Jibril Rajub, il consiglire nazionale per la Sicurezza dell’Autorità palestinese, uomo oggi di Arafat, ha dichiarato recentemente che Dahlan è un collaborazionista e un corrotto. Logico, da parte dell’uomo d’arme più forte dell’Autonomia. Dahlan è da tempo, specie da quanto è stato ministro degli Interni di Abu Mazen, accusato di essere un uomo legato a Israele a agli Usa. Un’accusa molto dura in un mondo che ancora ieri ha mandato un terrorista suicida a farsi saltare per aria nella centralissima via di Gerusalemme Emek Refaim, e dove la strage è stata evitata all’ultimo momento solo perchè il terrorista si è pentito; o che ha fatto inginocchiare e ucciso un uomo pochi giorni fa sulla pubblica piazza a Nablus, uno fra i tanti giustiziati sommariamnente,sotto gli occhi di una folla soddisfatta. I suoi detrattori lo accusano anche di aver fatto sporchi affari, e ne indicano la prova nel recente acquisto di una delle ville più belle di Gaza.
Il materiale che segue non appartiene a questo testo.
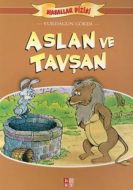 Aslan ve Tavşan                                                                                                                                                                                                                                                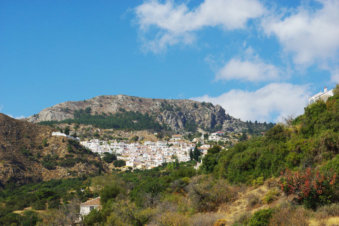 Aperi Karpathos Griekenland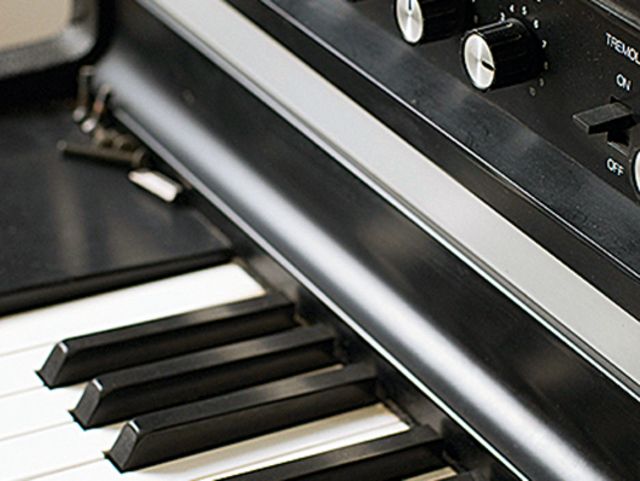 Yamaha CP70B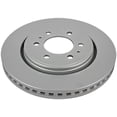 thumbnail image 1 of ADVICS OE Replacement Disc Brake Rotor, 1 of 4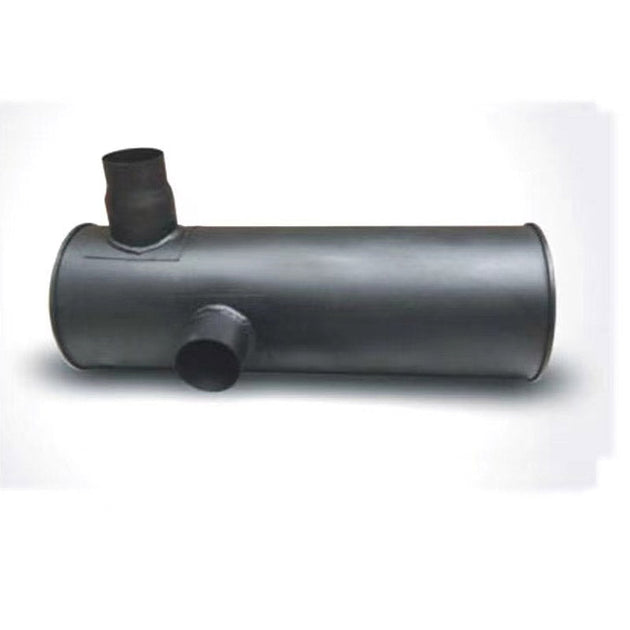 Muffler Silencer 6743-11-5720 For Komatsu Excavator PC300-7 PC350-7 PC360-7 Engine SAA6D114E-2A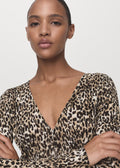 MANGO WOMEN DRESS POME_99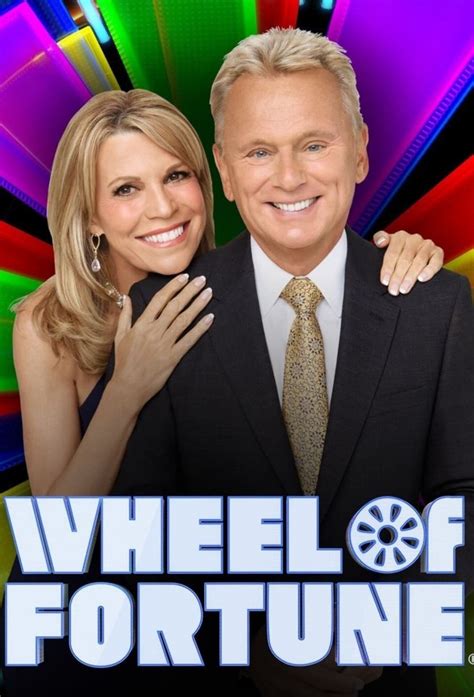 Wheel of Fortune - TheTVDB.com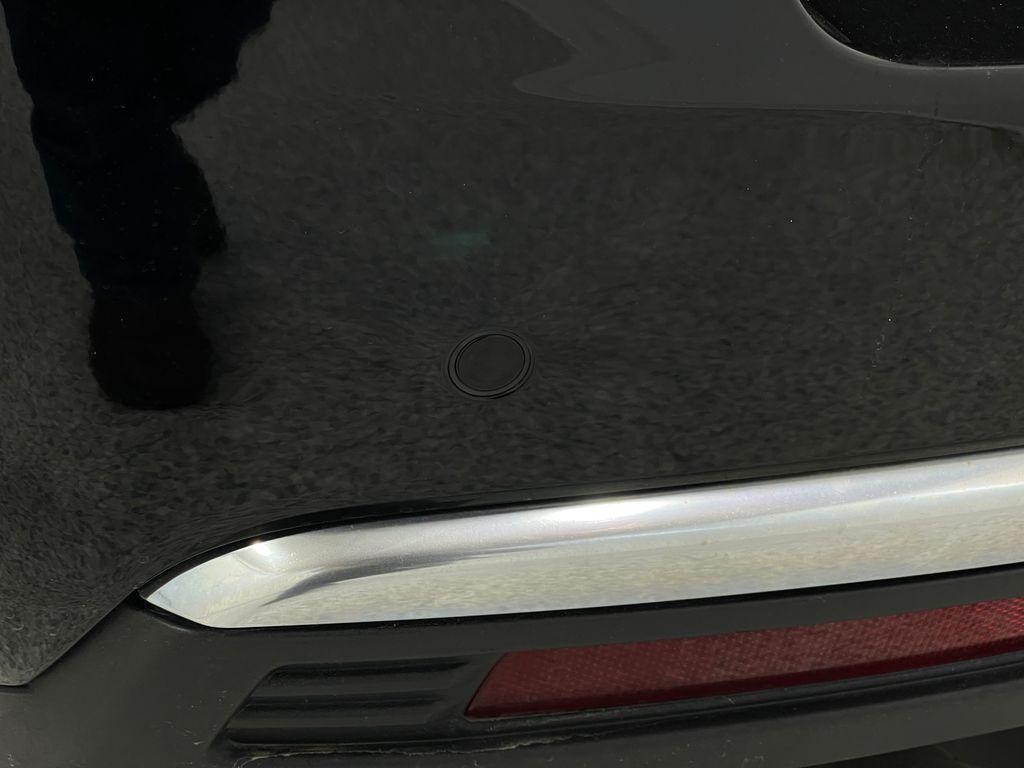 used 2021 GMC Yukon car, priced at $45,500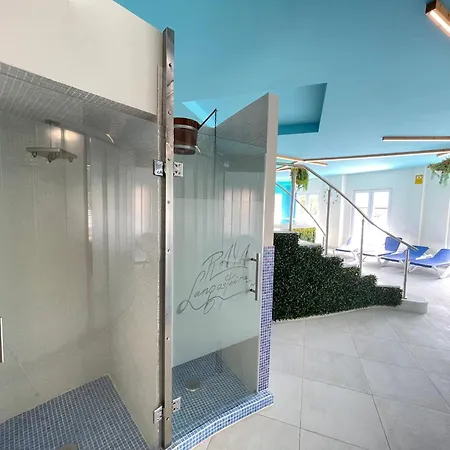 Otel Playa Langosteira By Adelolo Finisterre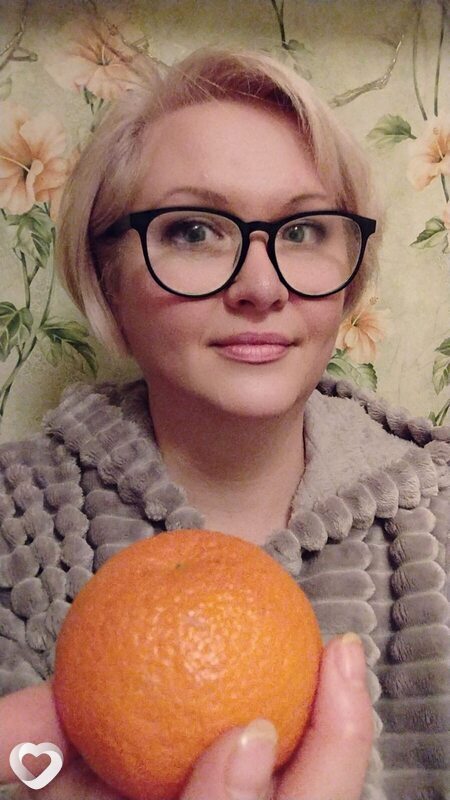 Оксана, 53, Ливнах — анкета №1776125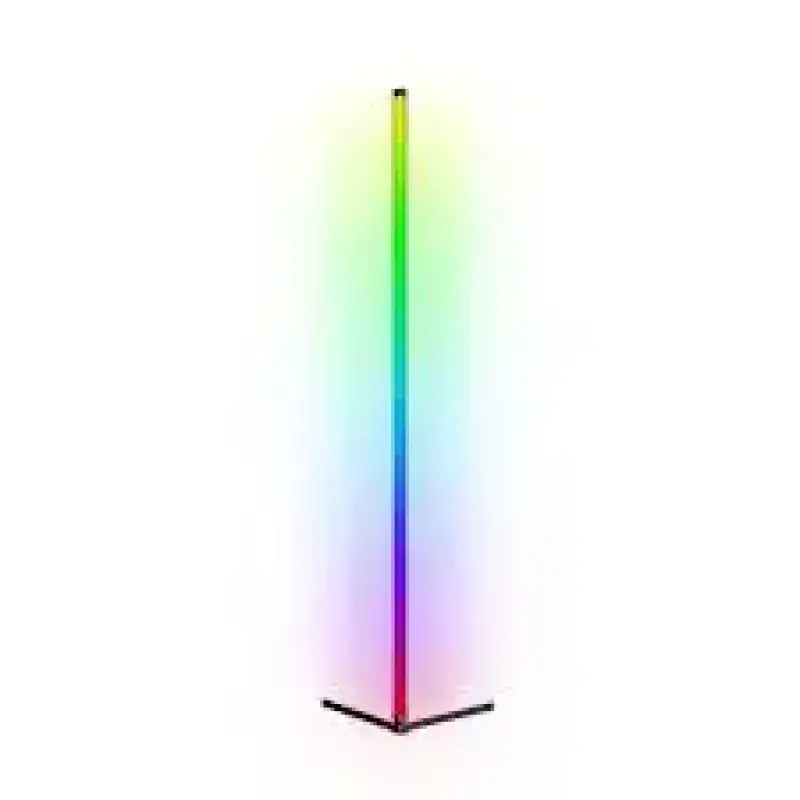 NEXXT NHB-S710 lámpara LED de piso inteligente Wi‑Fi efectos RGB control por app 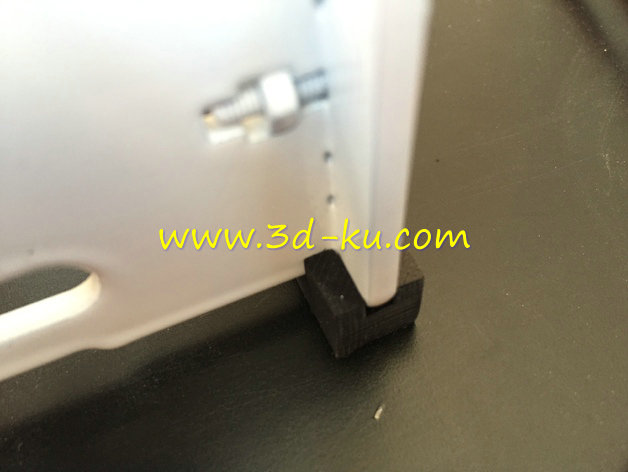 P3钢模具模型的图片1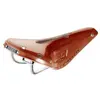 Image de Brooks b17 narrow imperial selle miel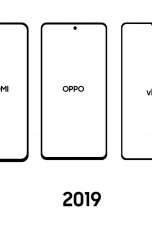 Galaxy S10 Display Vergleich
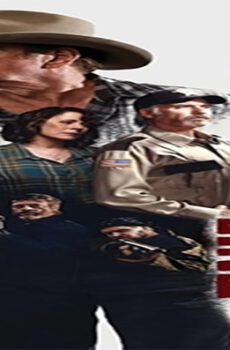 فيلم County Line 2017 مترجم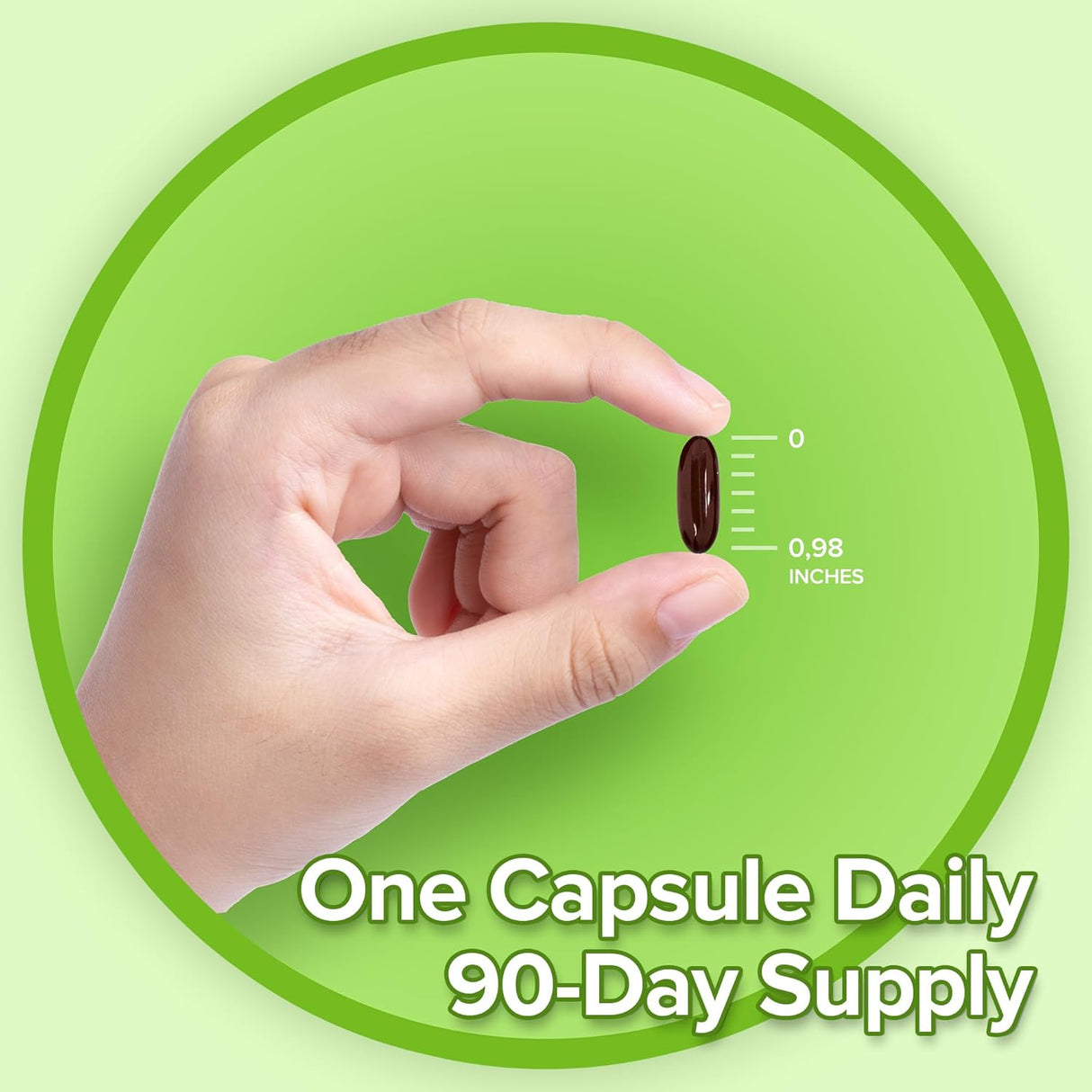 Aceite de Semilla Negra 100% Puro ORZAX, Omega 3 6 9, 90 Cápsulas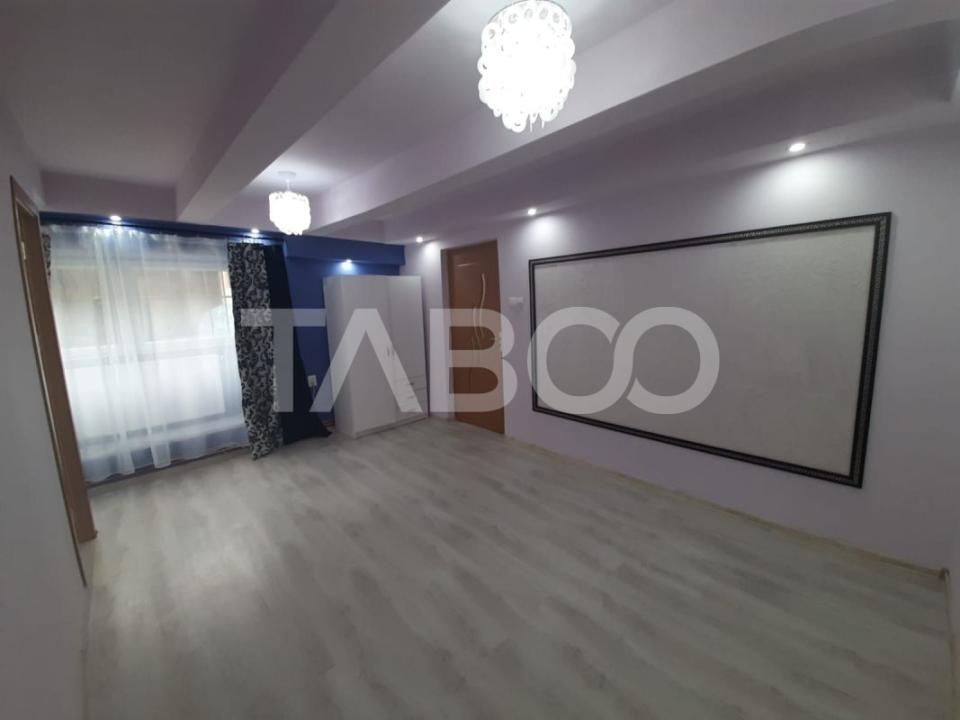 Apartament de vanzare 3 camere zona Bulevardului Corneliu Coposu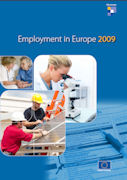 L'emploi en Europe 2009 - Rapport de la Commission européenne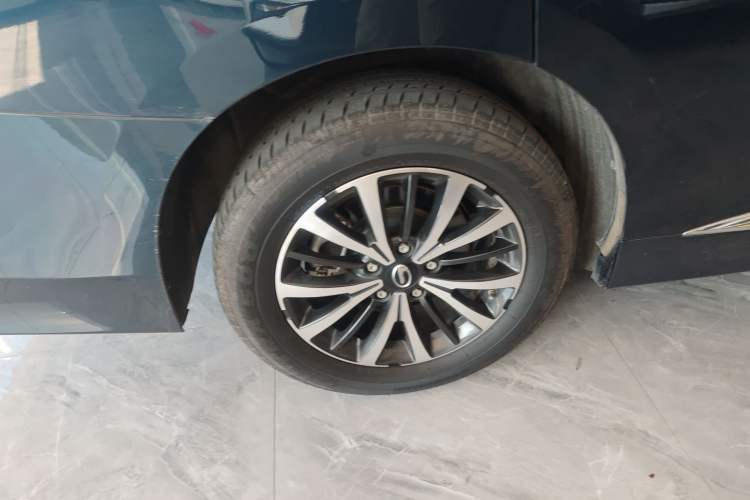 Used GAC Trumpchi M8 2023 Lingxiu Series 390T Deluxe Edition
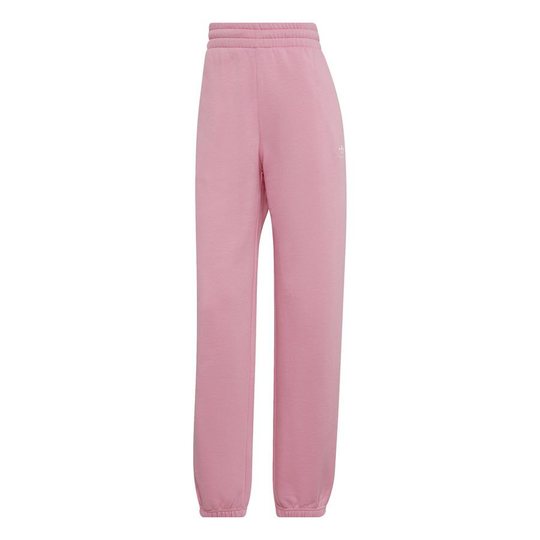 adidas Originals Treenihousut Adicolor Essentials Fleece - Pinkki Nainen, koko 36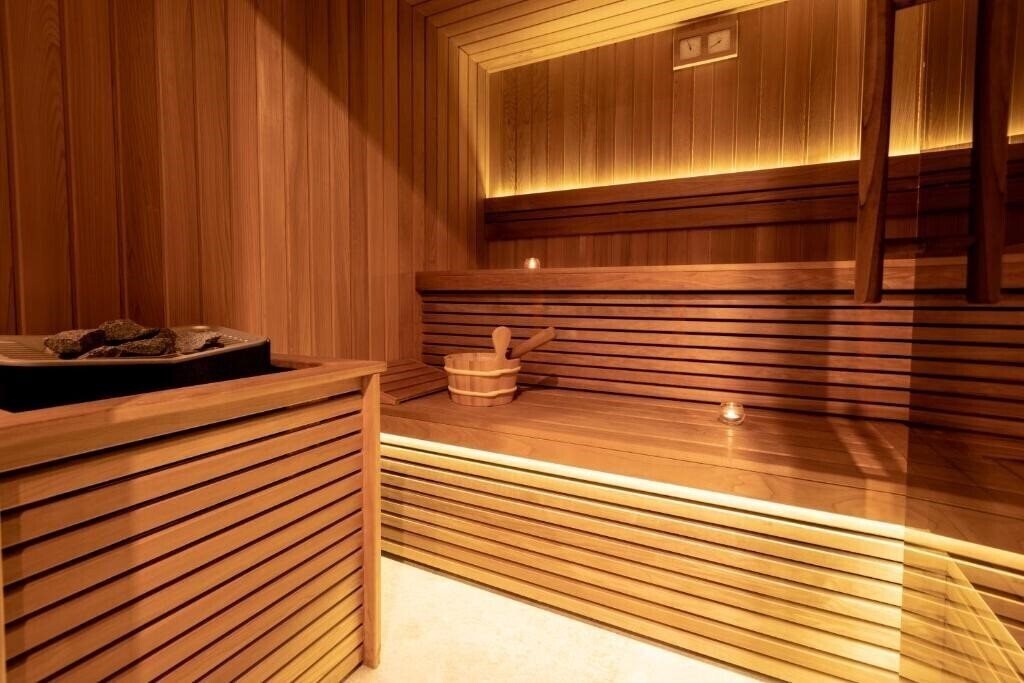 Зображення Hotel Nestos 4*
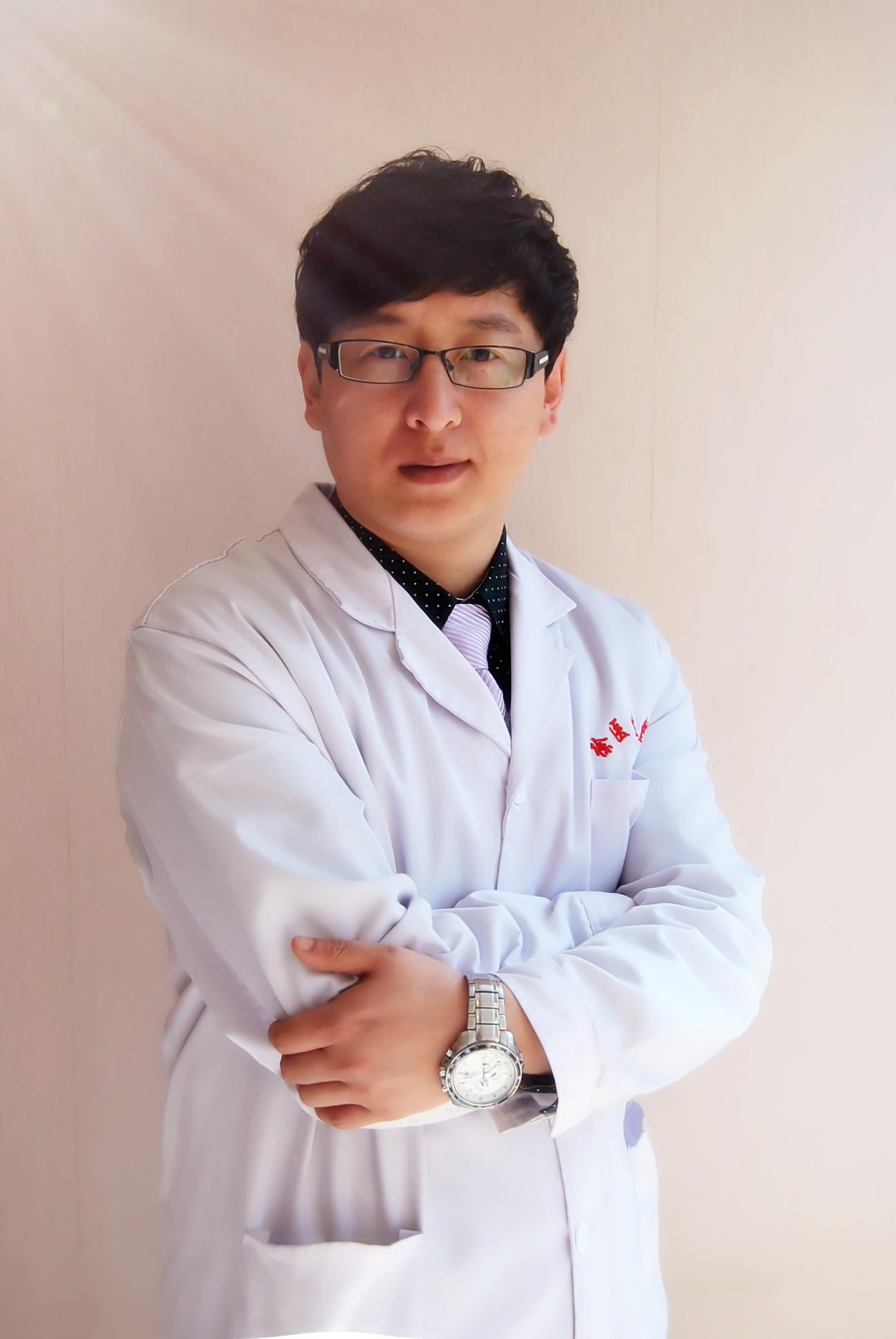 付强 付强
Dahlan, che adesso spinge verso le riforme, ha al suo attivo un tempestoso curriculum in cui il sangue abbonda; tuttavia può anche contare, in un evetuale sviluppo verso aperture di pace, sulla stretta collaborazione col Primo Ministro che Arafat cacciò via perchè si impegnò di fronte a Bush e Sharon di mettere in pratica la road map affrontando il terrorismo suicida come un problema.
Una cosa che Abu Qreia, l’attuale Primo Ministro, si rifiuta decisamente di fare. Di certo Dahlan si approfitta del genuino senso di disgusto per la corruzione e anche per la gestione sconsiderata di una guerra perdente, per fare del suo scontro di potere una battaglia che conquisti la simpatia prima di tutto degli Egiziani, che dovrebbero organizzare la sicurezza a Gaza quando gli israeliani si ritireranno; e poi anche di tutti coloro, e sono tanti, che sul terreno nazionale e internazionale vorrebbero vedere le cose cambiare in Medio Oriente e riaprirsi qualche porta.
Questo non significa affatto che Arafat perderà la battaglia: il fatto stesso che abbia mandato al posto di Jabali un personaggio tanto inviso mentre tuttavia porge la carota delle riforme, vuol dire che sa ancora molto bene impugnare il bastone.